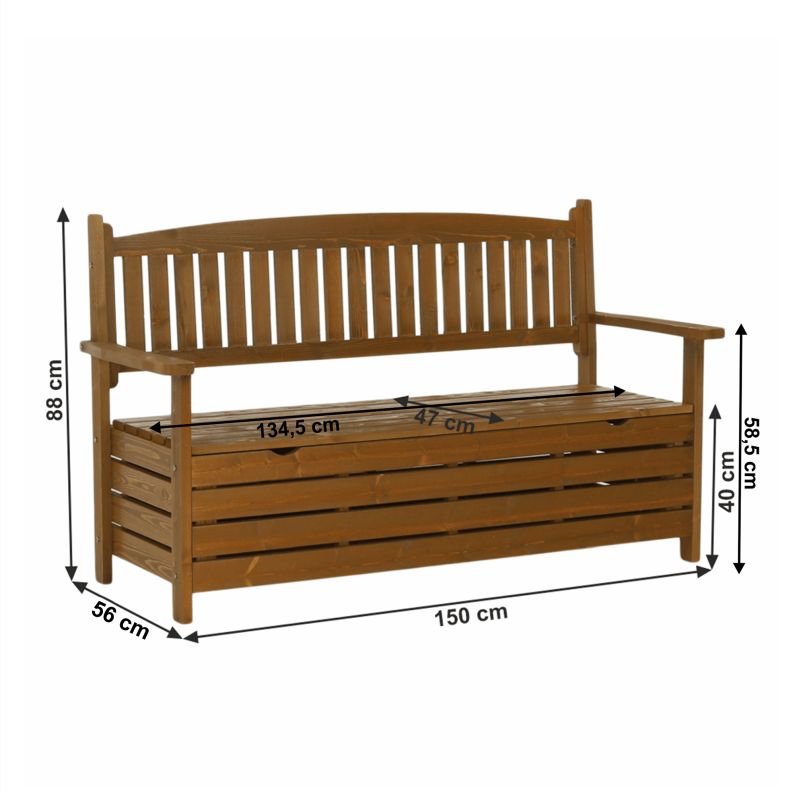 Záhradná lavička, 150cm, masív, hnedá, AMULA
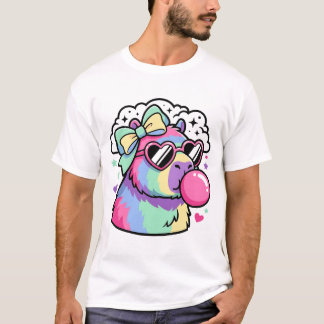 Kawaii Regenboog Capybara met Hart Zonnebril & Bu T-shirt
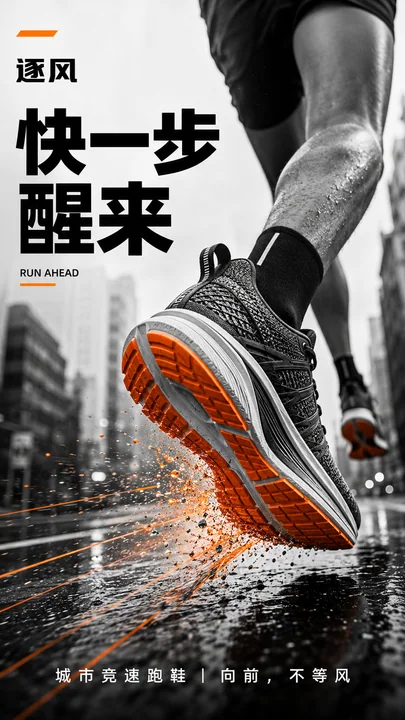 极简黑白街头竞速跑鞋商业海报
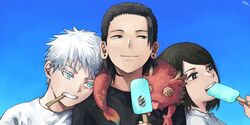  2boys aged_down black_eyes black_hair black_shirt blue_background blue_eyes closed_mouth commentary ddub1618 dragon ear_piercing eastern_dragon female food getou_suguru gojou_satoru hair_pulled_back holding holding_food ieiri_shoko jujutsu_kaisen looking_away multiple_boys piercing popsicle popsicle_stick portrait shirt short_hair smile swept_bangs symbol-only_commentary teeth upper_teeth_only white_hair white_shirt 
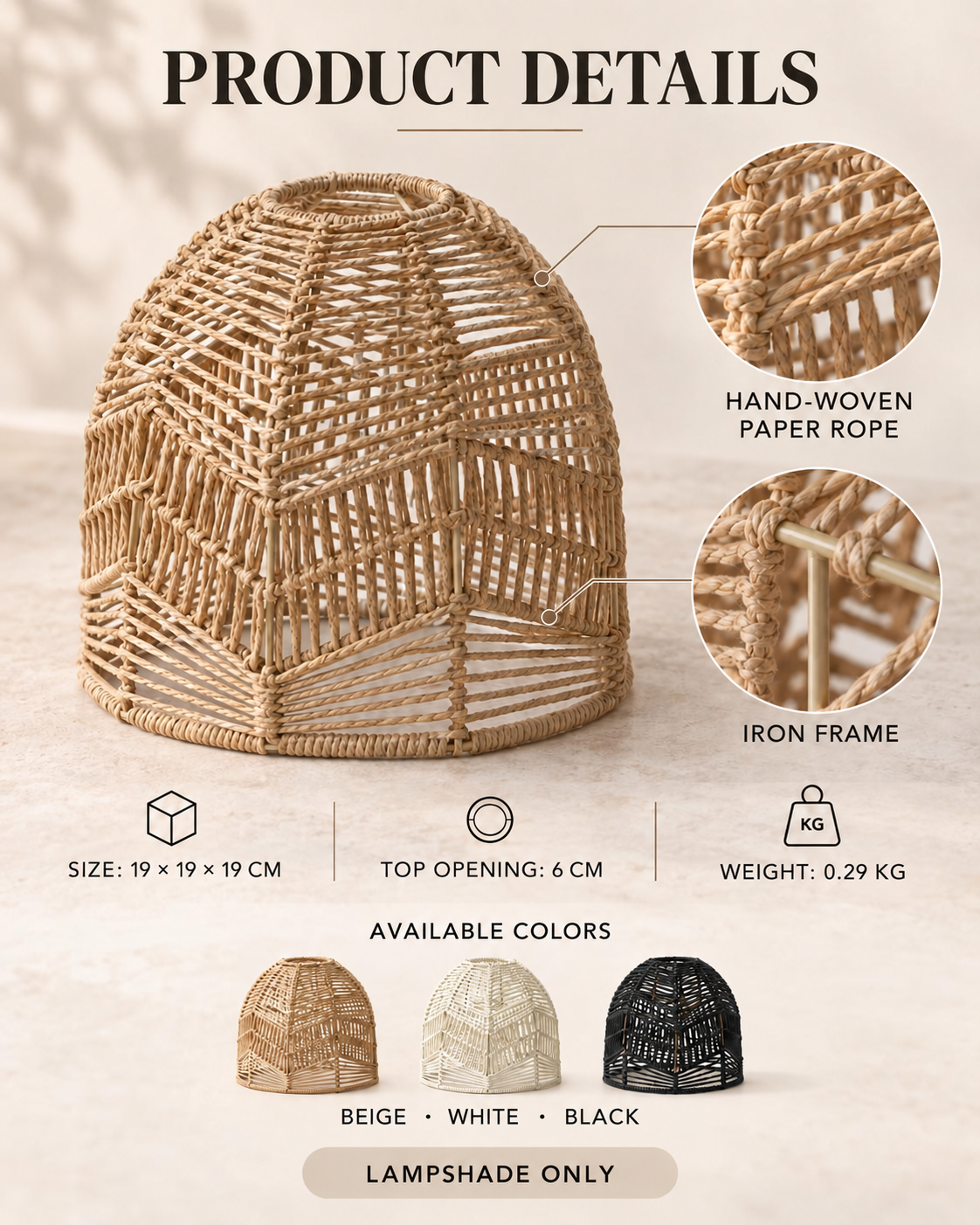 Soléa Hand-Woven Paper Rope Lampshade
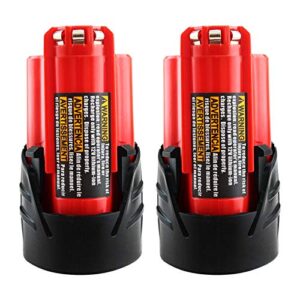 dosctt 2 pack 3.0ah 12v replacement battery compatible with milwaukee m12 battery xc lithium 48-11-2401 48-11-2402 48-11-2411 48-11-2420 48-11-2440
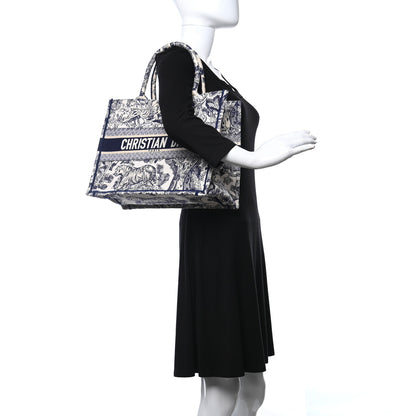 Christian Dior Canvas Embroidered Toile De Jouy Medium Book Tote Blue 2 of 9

What the task requires: Return every entry exactly, dropping the pictures.

Response:
 Záhradná lavička, 150cm, masív, hnedá, AMULA
 Kawaii Regenboog Capybara met Hart Zonnebril & Bu T-shirt
 极简黑白街头竞速跑鞋商业海报
  2boys aged_down black_eyes black_hair black_shirt blue_background blue_eyes closed_mouth commentary ddub1618 dragon ear_piercing eastern_dragon female food getou_suguru gojou_satoru hair_pulled_back holding holding_food ieiri_shoko jujutsu_kaisen looking_away multiple_boys piercing popsicle popsicle_stick portrait shirt short_hair smile swept_bangs symbol-only_commentary teeth upper_teeth_only white_hair white_shirt 
 Soléa Hand-Woven Paper Rope Lampshade
 dosctt 2 pack 3.0ah 12v replacement battery compatible with milwaukee m12 battery xc lithium 48-11-2401 48-11-2402 48-11-2411 48-11-2420 48-11-2440
 Christian Dior Canvas Embroidered Toile De Jouy Medium Book Tote Blue 2 of 9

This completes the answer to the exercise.